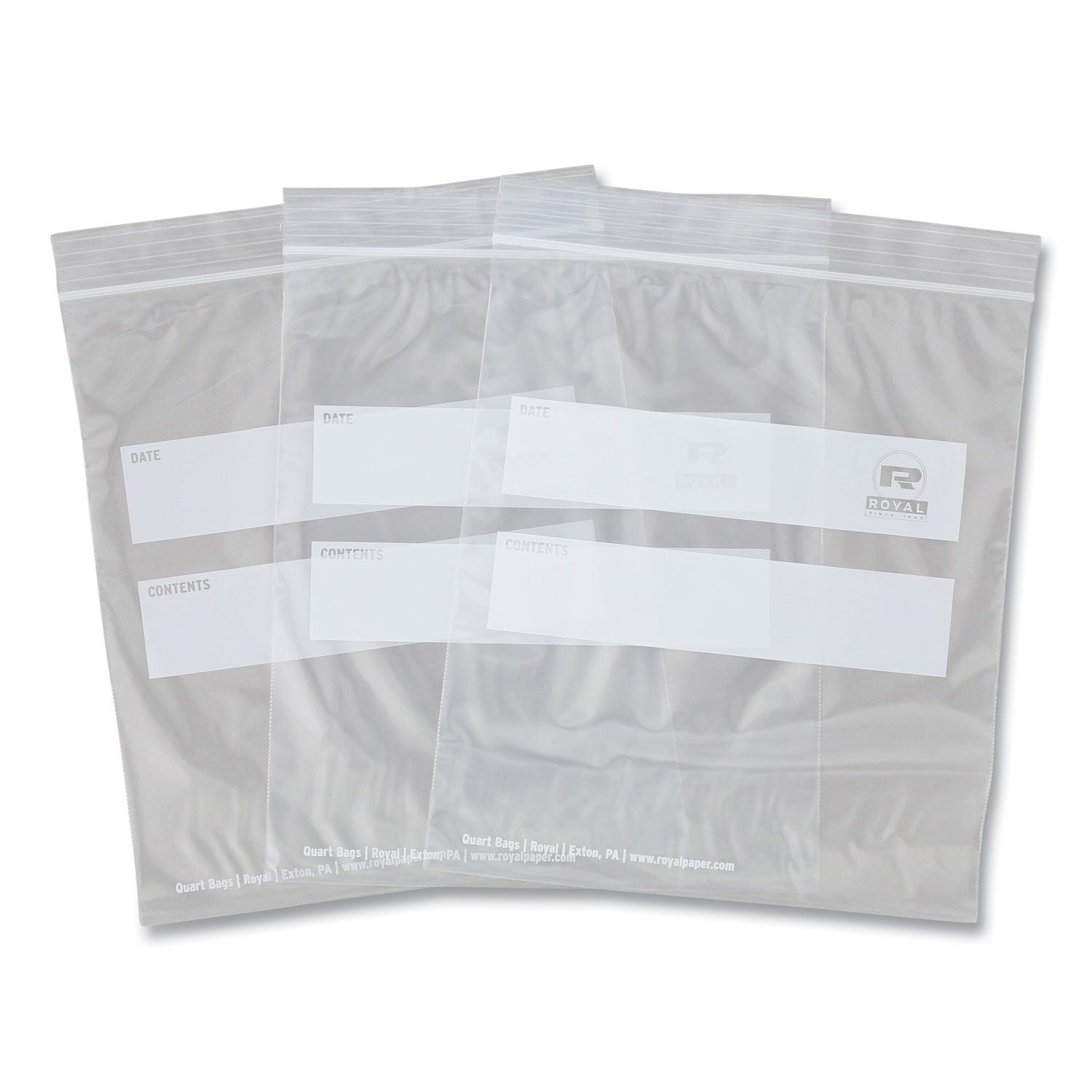 AmerCareRoyal® Clear Quart Zipper Bags 7 x 7.99 Inches - 500 Count Bulk Pack for Food Storage, Organization & Travel Essentials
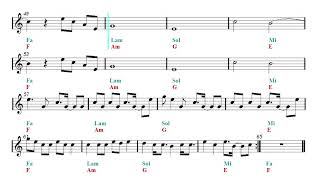 Play Along - BTS - (Boy With Luv) feat. Halsey (Sheet music - Guitar chords)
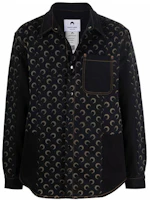 Marine Serre FW21 Moon Print Jacket for Men in Black J069FW21MUCO000400 Marine Serre FW21 Moon Print Jacket for Men in Black J069FW21MUCO000400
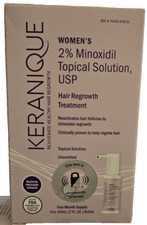Keranique Womens Hair Regrowth Treatment 2 Minoxidil Topical Solution SEALED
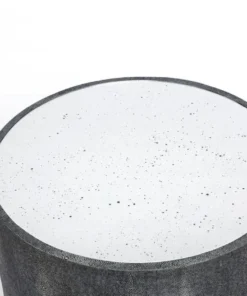 Made Goods Cara Side Table Cool Grey Faux Shagreen New Arrivals 11 Made Goods Cara Side Table Cool Grey Faux Shagreen New Arrivals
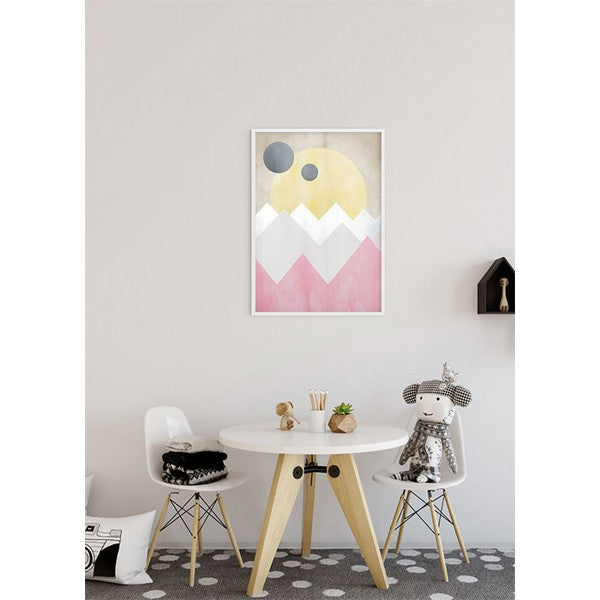 Plakat Sol nedgang - 50x70 cm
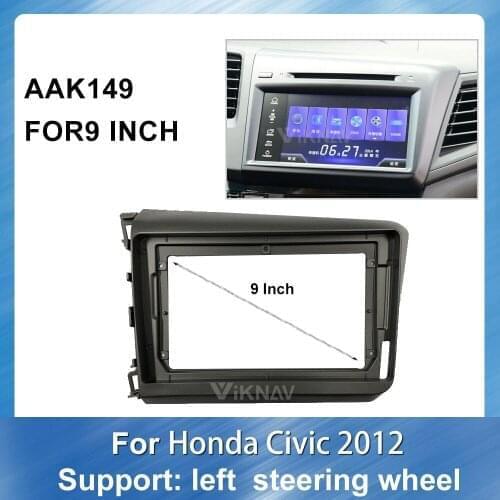 10 inch Car Radio DVD Fascia GPS navigation Panel For Honda Civic 2012 LHD Car Refitting Installastion Surround Trim Frame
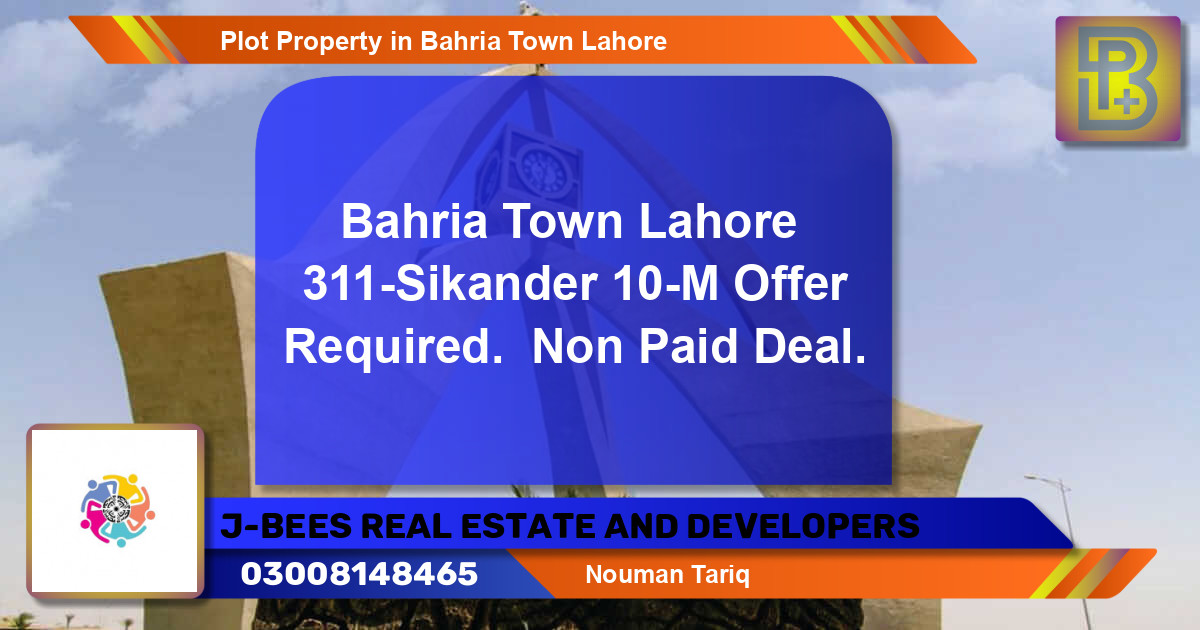 Residential Plot for Sale in Bahria Town, Lahore - (BP-48207)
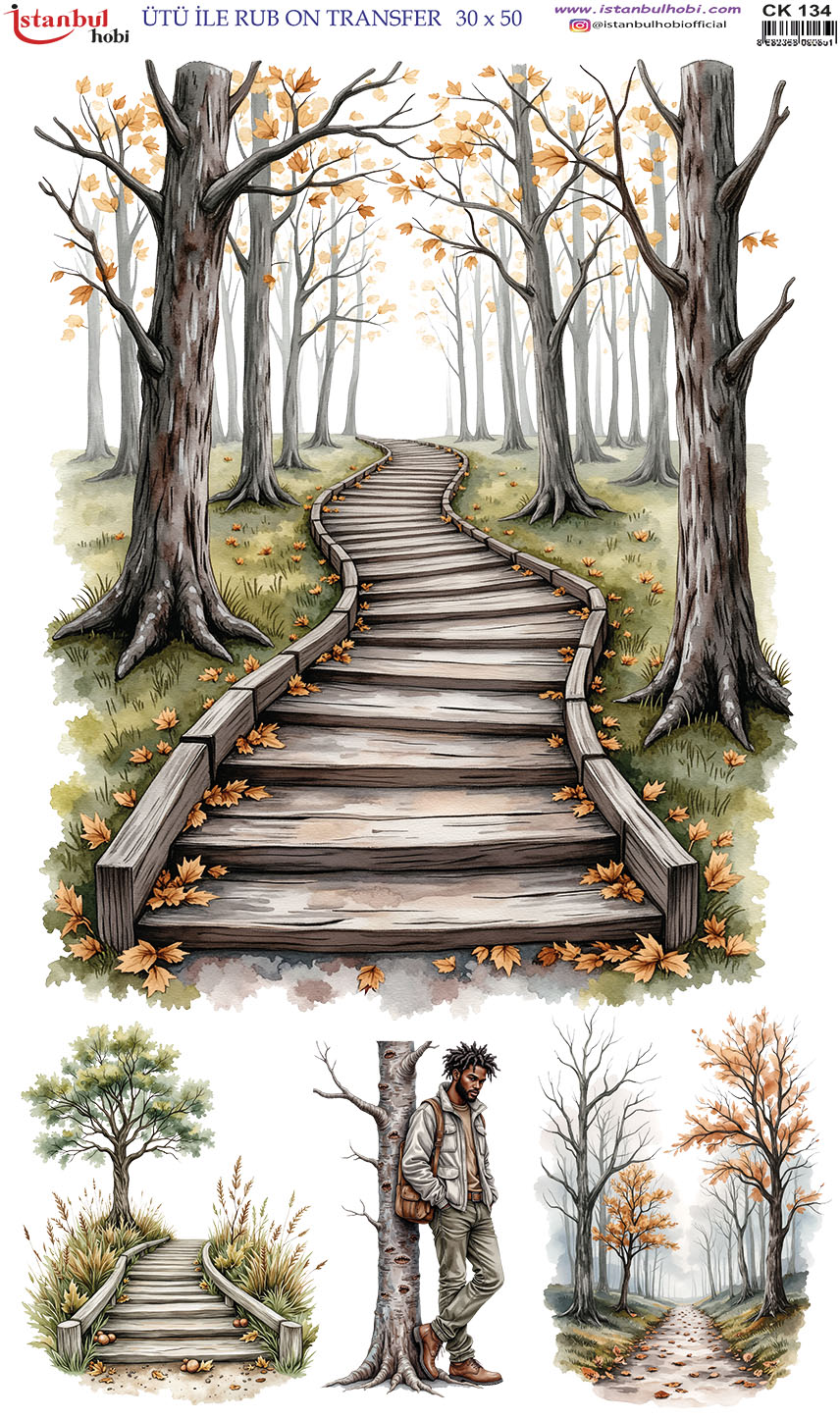 Ütü ile Rub On Transfer Kağıdı: Dekoratif Süsleme Kağıdı - CK134 | 30x50 cm 1 Ütü Ile Rub On Transfer Kağıdı: Dekoratif Süsleme Kağıdı - Ck134 | 30X50 Cm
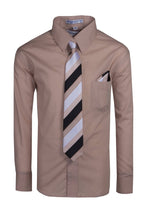 Load image into Gallery viewer, Long Sleeve Button Up Dress Shirt Poly Cotton - Tuxgear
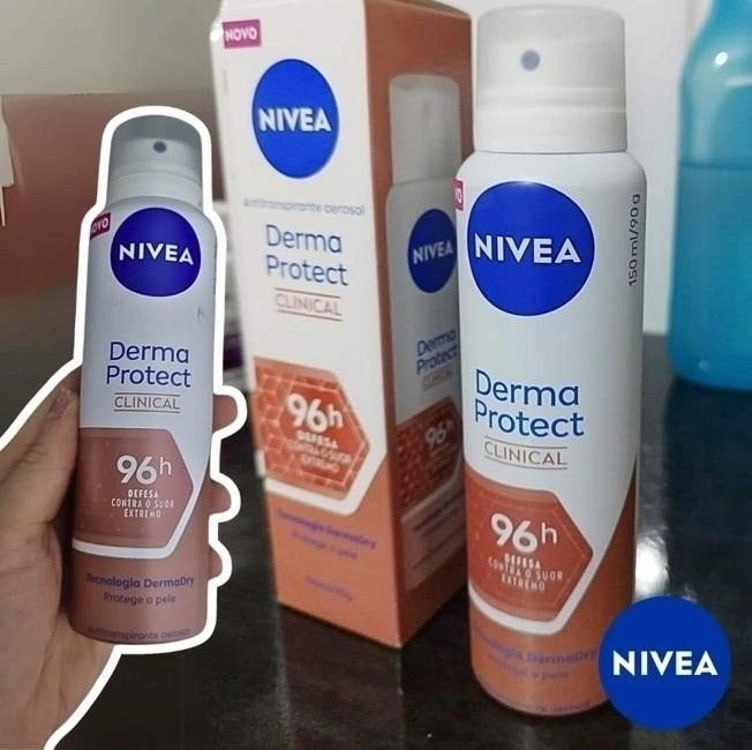 NIVEA Desodorante Antitranspirante Aerossol Derma Protect Clinical 150ml na Amazon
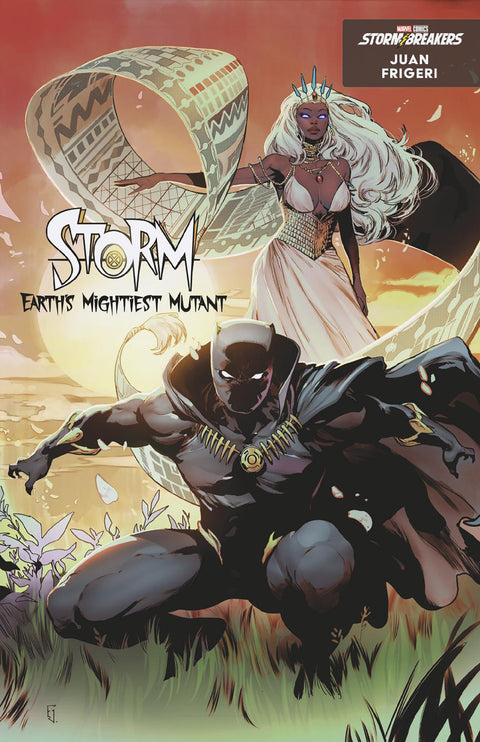 STORM: EARTH'S MIGHTIEST MUTANT #1 JUAN FRIGERI BLACK PANTHER VARIANT Marvel Murewa Ayodele Federica Mancin Juan Frigeri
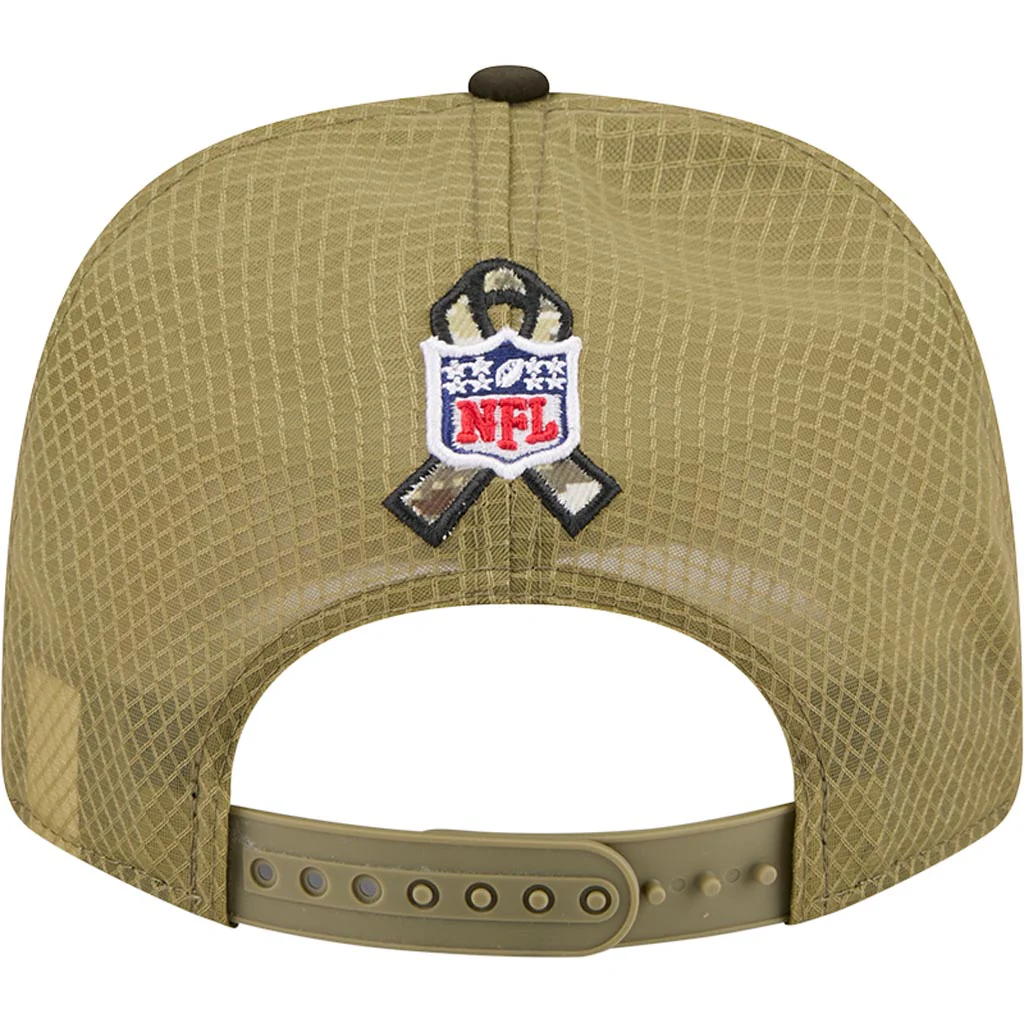 NFL Green Bay Packers New Era 2025 Salute to Service 9SEVENTY Stretch-Snapback Hat - Green - Image 4
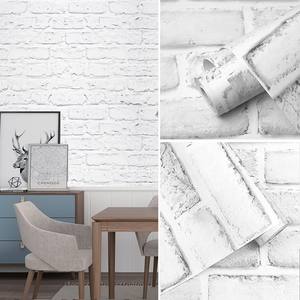 <span class=keywords><strong>Papel</strong></span> Tapiz Autoadhesivo de <span class=keywords><strong>Vinilo</strong></span> PVC con Efecto de Textura de <span class=keywords><strong>Ladrillo</strong></span> <span class=keywords><strong>Blanco</strong></span> Vintage, Rollo de <span class=keywords><strong>Papel</strong></span> Tapiz Floral Removible para Sala de Estar - Product Image 5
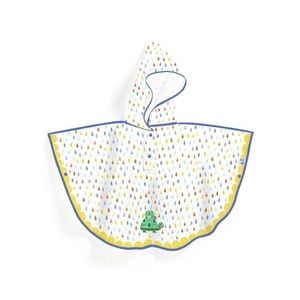Djeco Small Tortoise Rain Coat Cape 80x46cm Kids/Children Hoodie Poncho 3y+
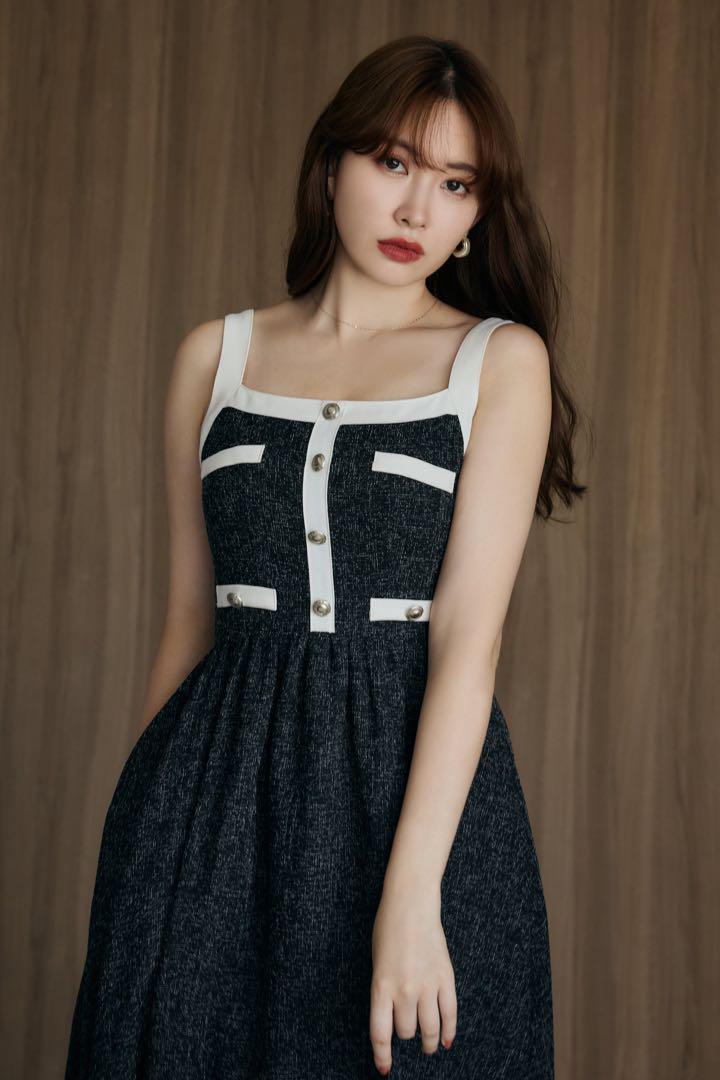 Herlipto verona tweed long dress 新品タグ付き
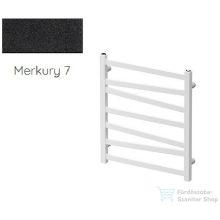   Radeco RIVER 1 600x530 design radiátor, MERKURY 7 (matt fekete) színben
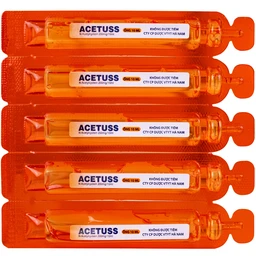 Dung dịch uống Acetuss Hà Nam tiêu nhầy trong bệnh viêm phế quản, bệnh nhầy nhớt (20 ống)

== To do ==
Everything from the first line of the records through the line containing "Keranique Womens Hair" should be reproduced exactly, apart from the pictures.

== Answer to this task ==
 AmerCareRoyal® Clear Quart Zipper Bags 7 x 7.99 Inches - 500 Count Bulk Pack for Food Storage, Organization & Travel Essentials
 Play Along - BTS - (Boy With Luv) feat. Halsey (Sheet music - Guitar chords)
 Marine Serre FW21 Moon Print Jacket for Men in Black J069FW21MUCO000400 Marine Serre FW21 Moon Print Jacket for Men in Black J069FW21MUCO000400
Keranique Womens Hair Regrowth Treatment 2 Minoxidil Topical Solution SEALED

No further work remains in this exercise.